Big fires. If Eddie was still in there…
Coughing, she picked her way through the rubble. No sign of her husband. ‘Eddie!’ she cried. ‘Can you hear me? Where are you?’
No answer. The heat was rising, the flames in the processing facility raging harder. There was no way anyone in the chamber could still be alive.
A rattle of shifting debris — and a section of collapsed ceiling shifted aside to reveal a singed, bruised, but still very much alive bald Yorkshireman beneath. ‘Ay up,’ Eddie managed to gasp, before erupting into a coughing fit.
Nina pulled him from the wreckage. ‘You maniac ! What happened?’
‘Muzzle flash plus flammable gas equals, well, that,’ he said between coughs, jerking a thumb at the ruins of the adjoining room. ‘I’m okay, just a bit scorched.’ He recovered the axe, then they made their way down the corridor. ‘Where’s Olivia?’

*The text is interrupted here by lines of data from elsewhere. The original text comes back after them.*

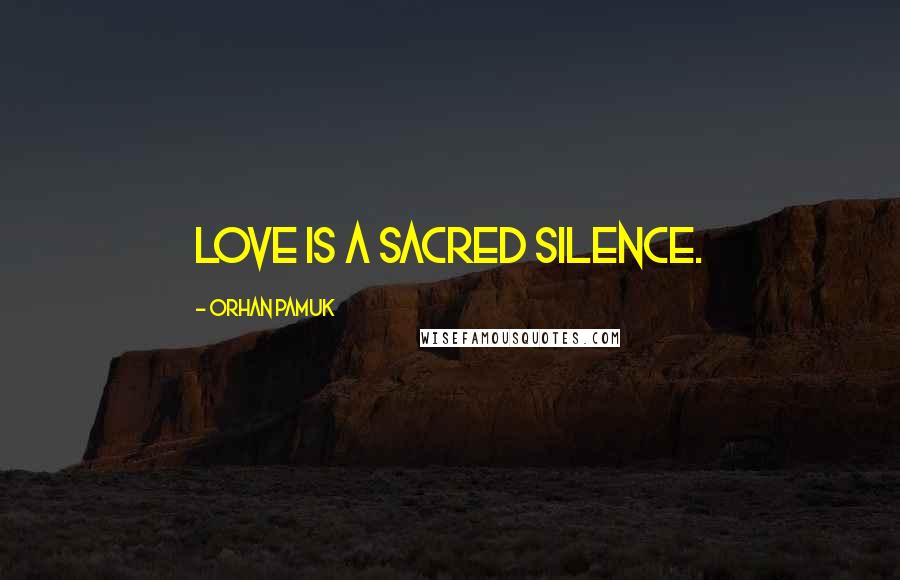Orhan Pamuk Quotes: Love is a sacred silence.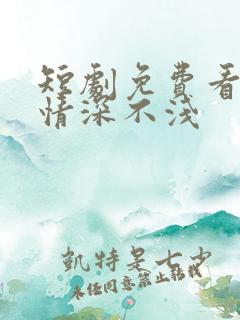 短剧免费看全集情深不浅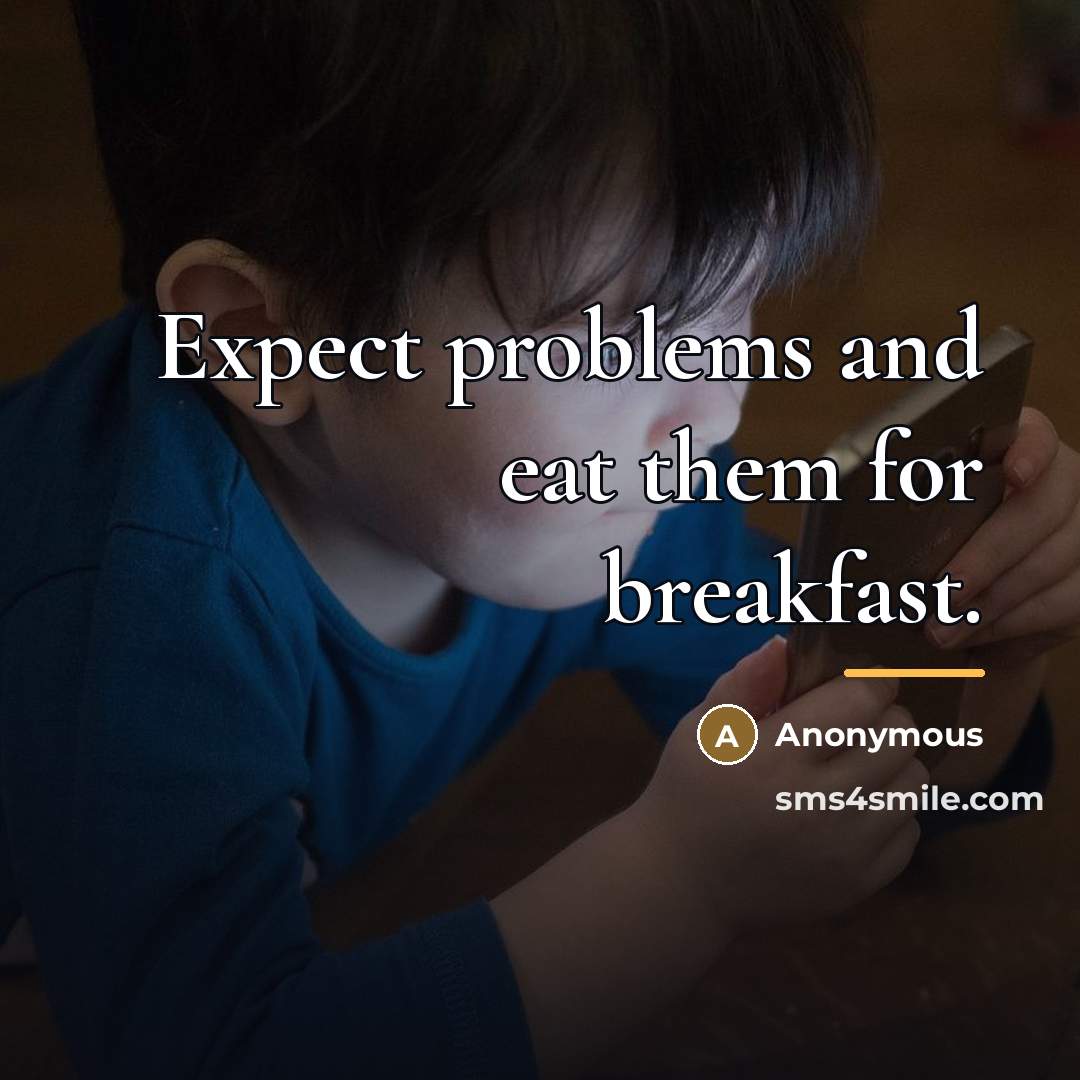 “Expect problems and eat them for breakfast.…” quote by Anonymous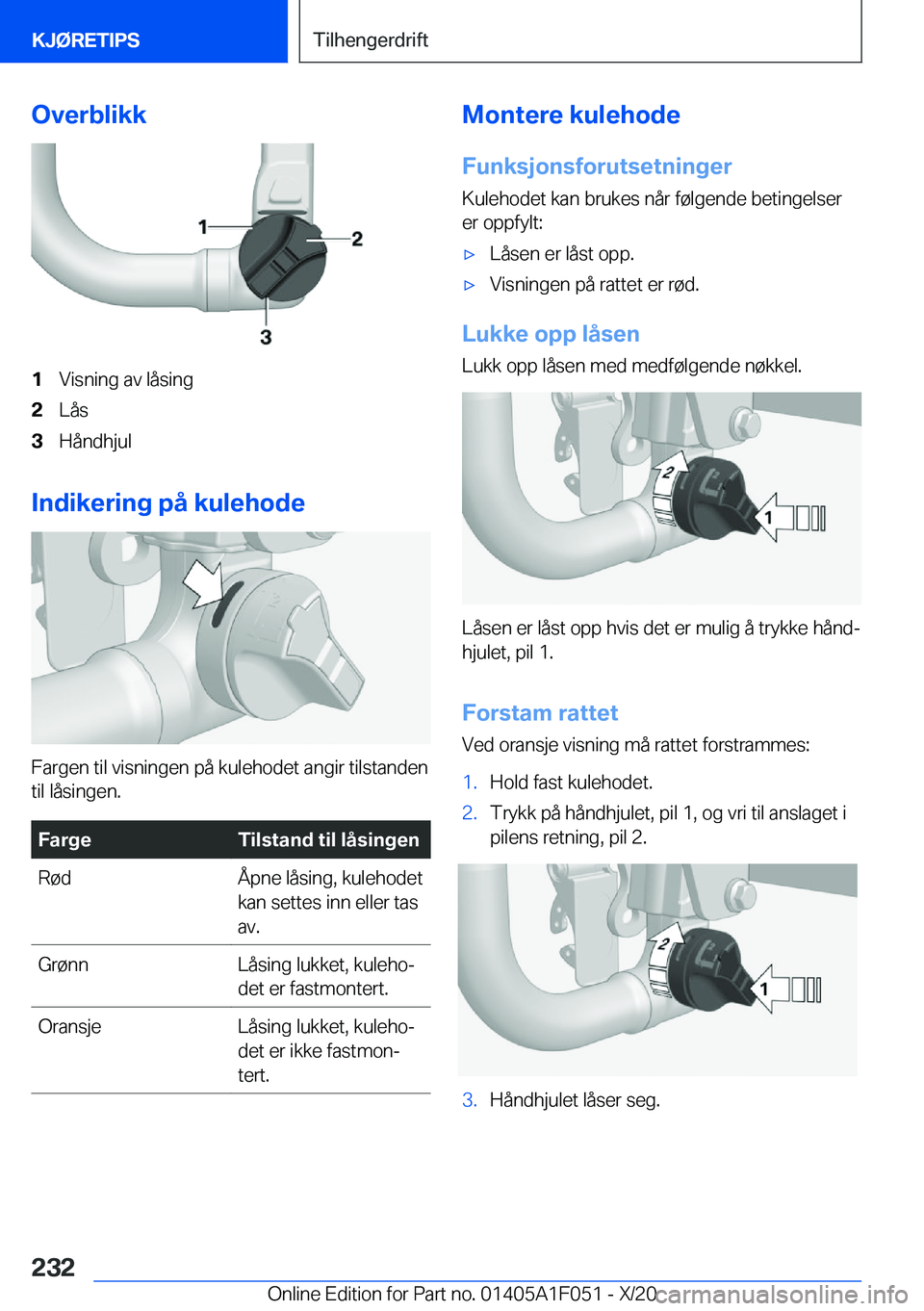 BMW X1 2021  InstruksjonsbØker (in Norwegian) �O�v�e�r�b�l�i�k�k�1�V�i�s�n�i�n�g��a�v��l�å�s�i�n�g�2�L�å�s�3�H�å�n�d�h�j�u�l
�I�n�d�i�k�e�r�i�n�g��p�å��k�u�l�e�h�o�d�e
�F�a�r�g�e�n��t�i�l��v�i�s�n�i�n�g�e�n��p�å��k�u�l�e�h�o�d�e�t��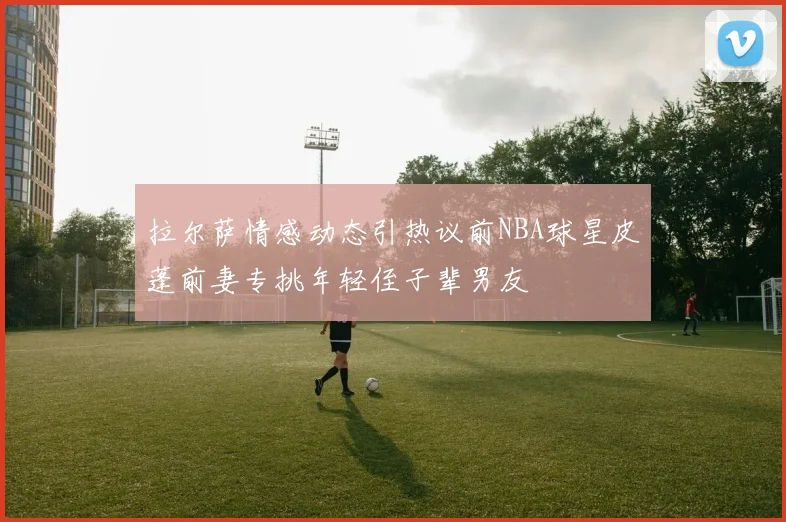 拉尔萨情感动态引热议前NBA球星皮蓬前妻专挑年轻侄子辈男友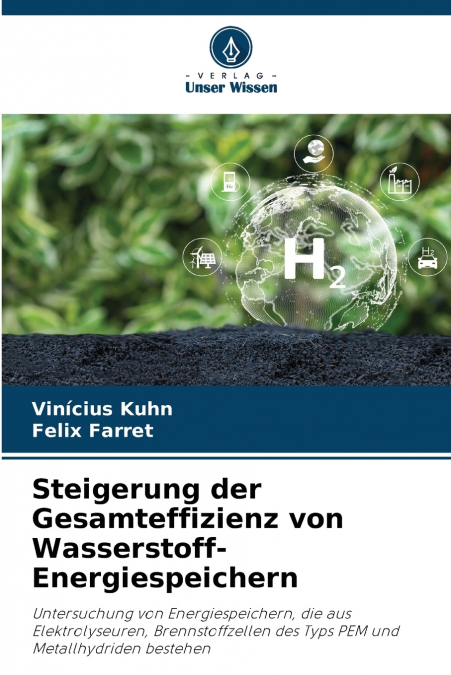 Steigerung der Gesamteffizienz von Wasserstoff-Energiespeichern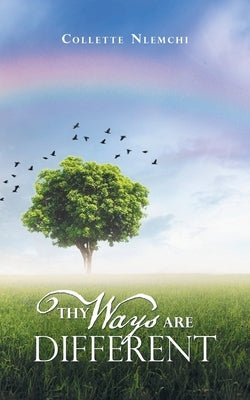 Thy Ways Are Different by Nlemchi, Collette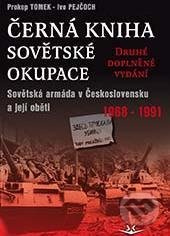 Černá kniha sovětské okupace - 2.doplněné vydání - Prokop Tomek, Ivo Pejčoch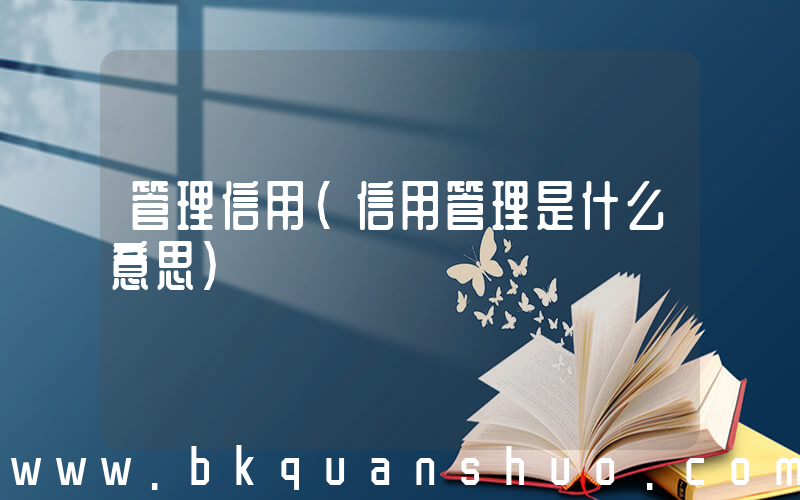 管理信用(信用管理是什么意思)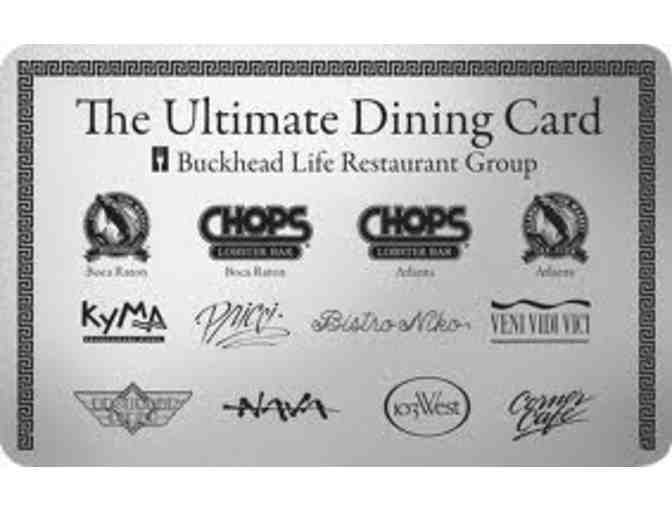 Buckhead Life Restaurants - $50 Gift Card - Photo 1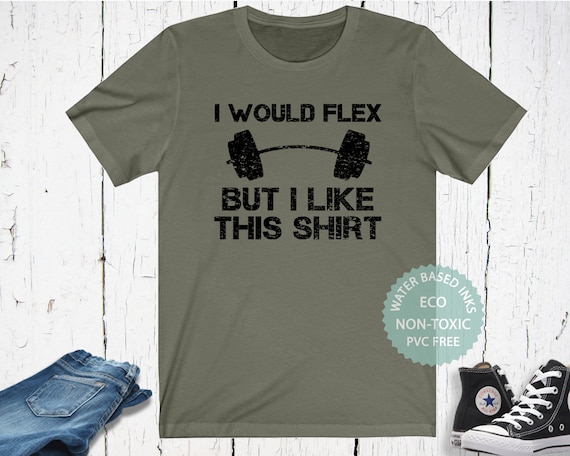 Funny Gym T-Shirt, I Would Flex, Soft Cotton Unisex Tee
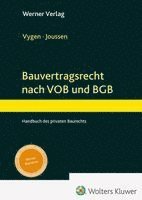 Klaus Vygen, Edgar Joussen - Bauvertragsrecht nach VOB und BGB, Inbunden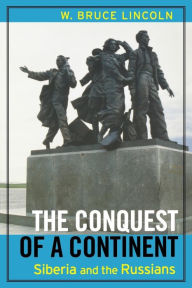 Title: The Conquest of a Continent: Siberia and the Russians / Edition 1, Author: Bruce Lincoln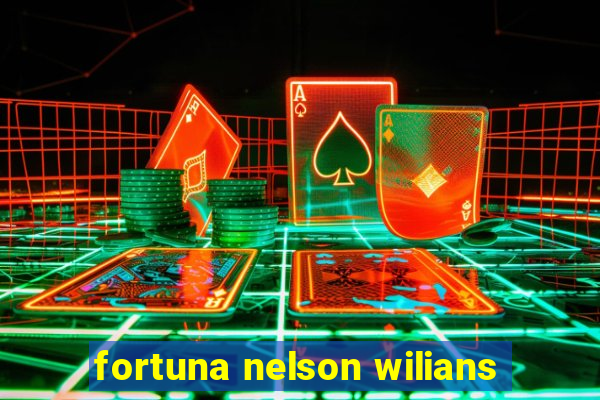 fortuna nelson wilians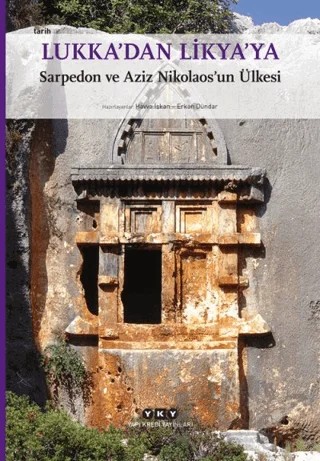 Lukka’dan Likya’ya – Erkan Dündar, Havva İşkan, Nihat Tekdemir – Yapı Kredi Yayınları kitap kapağı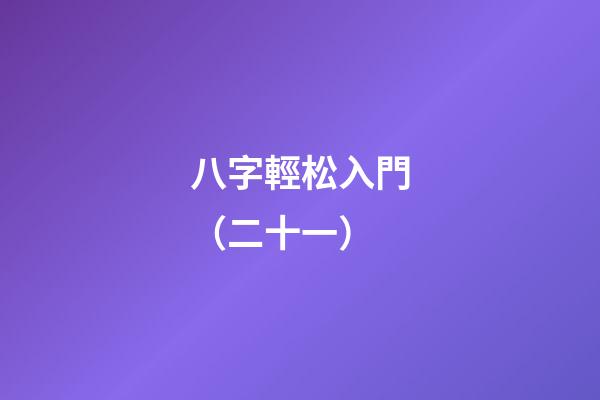 八字輕松入門（二十一）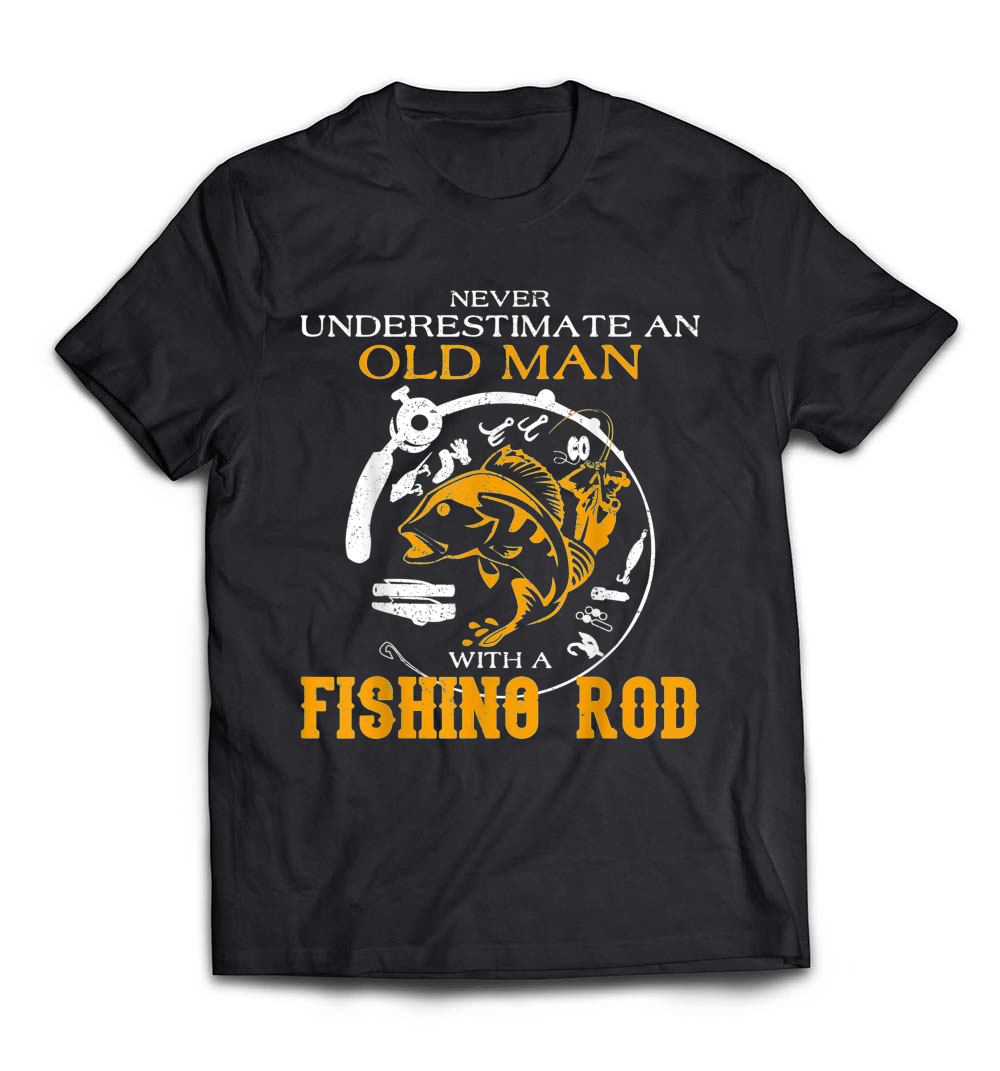 Never Underestimate An Old Man With A Fishing Rod T-Shirt: Celebrate Experience and Passion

‘Outside.’ She glanced nervously back. ‘I don’t think Fenrir’s hotel will be taking many guests this season.’
‘The elves’ll be pissed off too.’
Olivia was waiting just outside the building, shivering in the icy wind. ‘Eddie, my God! After that explosion, I was sure you’d been killed.’
‘We’ve still got to get out of here,’ said Nina. They were on the hillside behind the hotel, the section housing the geothermal plant partly dug into the ground. The east wing was ahead down the slope, many windows broken and smoke rising from within. Only emergency lights remained lit, but they were enough to pick out hulking metal shapes sheltering beneath the elevated structure.